# New guy looking to refine a bunch of high yield ore.



## Trilly (Jun 30, 2011)

Okay,

Here's the situation. I have a few hundred lbs of high yield ore. I want to refine it into gold dust in the best way possible. It has tested positive for gold, some has tested really high for gold. I could use not only some stoichiometry help,but some advice on how best to do this. I also need to know if I could get away with doing this in my neighborhood at night, or whether I should do it in the woods. I own a viable brand new Israeli issue gas mask & filter and level 5 chem suit, chem gloves, the whole bit. 
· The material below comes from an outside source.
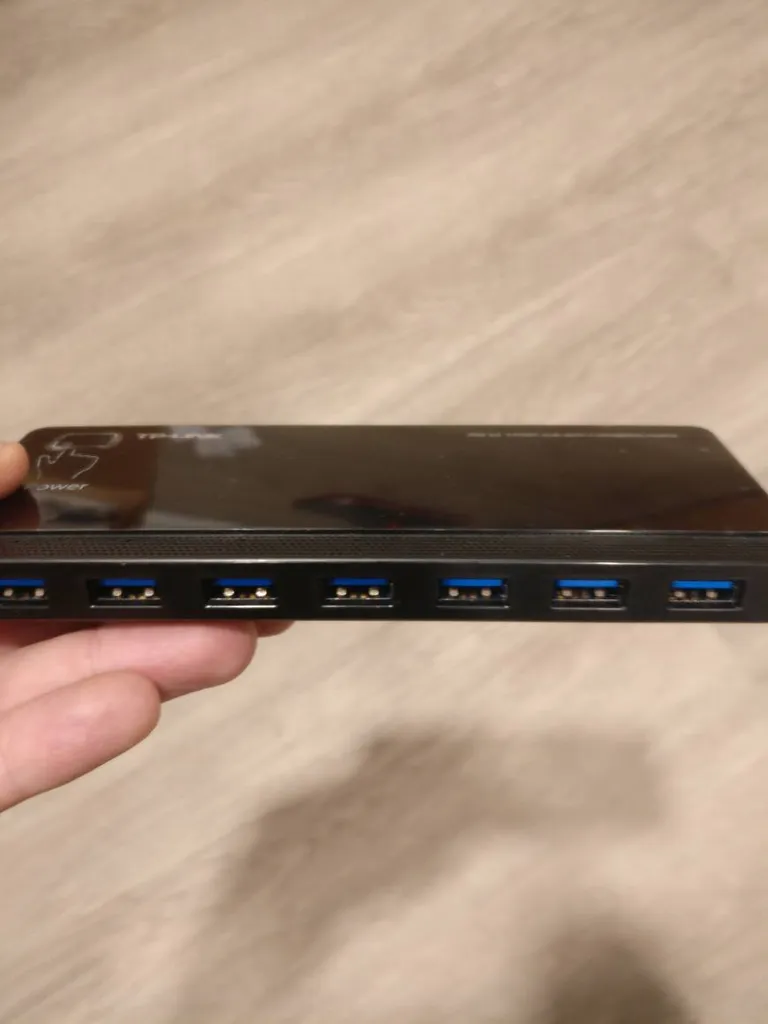 5 Port USB & 2 Charging Ports photo 1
I've got differing opinions on how to go about this. I wanna get as pure product as possible. I have crushed up all of my ore into tiny pieces as to maximize surface area. Some have said I should leech off the gold with HCl and bleach. Others say I should use AR. That said, what should I do?

When giving a response, please be very specific as to the proportions of what should be added, when, and how fast. I also would like to know if it's a fast or slow reaction, whether I could do it in a rural neighborhood at 3am or go rent some wooded property in east bumscrew. If two reactions need be performed, say, leeching first, followed by refining second, let me know, and please, be very specific including all stoichiometry. Thank you in advance. That said, this is what I have to work with:


15 Gallons of 34% HCl
6 Liters of pure sulfuric acid
8.5 L of pure nitric acid
5 lbs urea pellets
+/- 5 lbs of Sodium metabisulfite (SMB)
Plenty of clean ten gallon buckets and lids, one electric hot plate, pyrex flasks (30?) or so......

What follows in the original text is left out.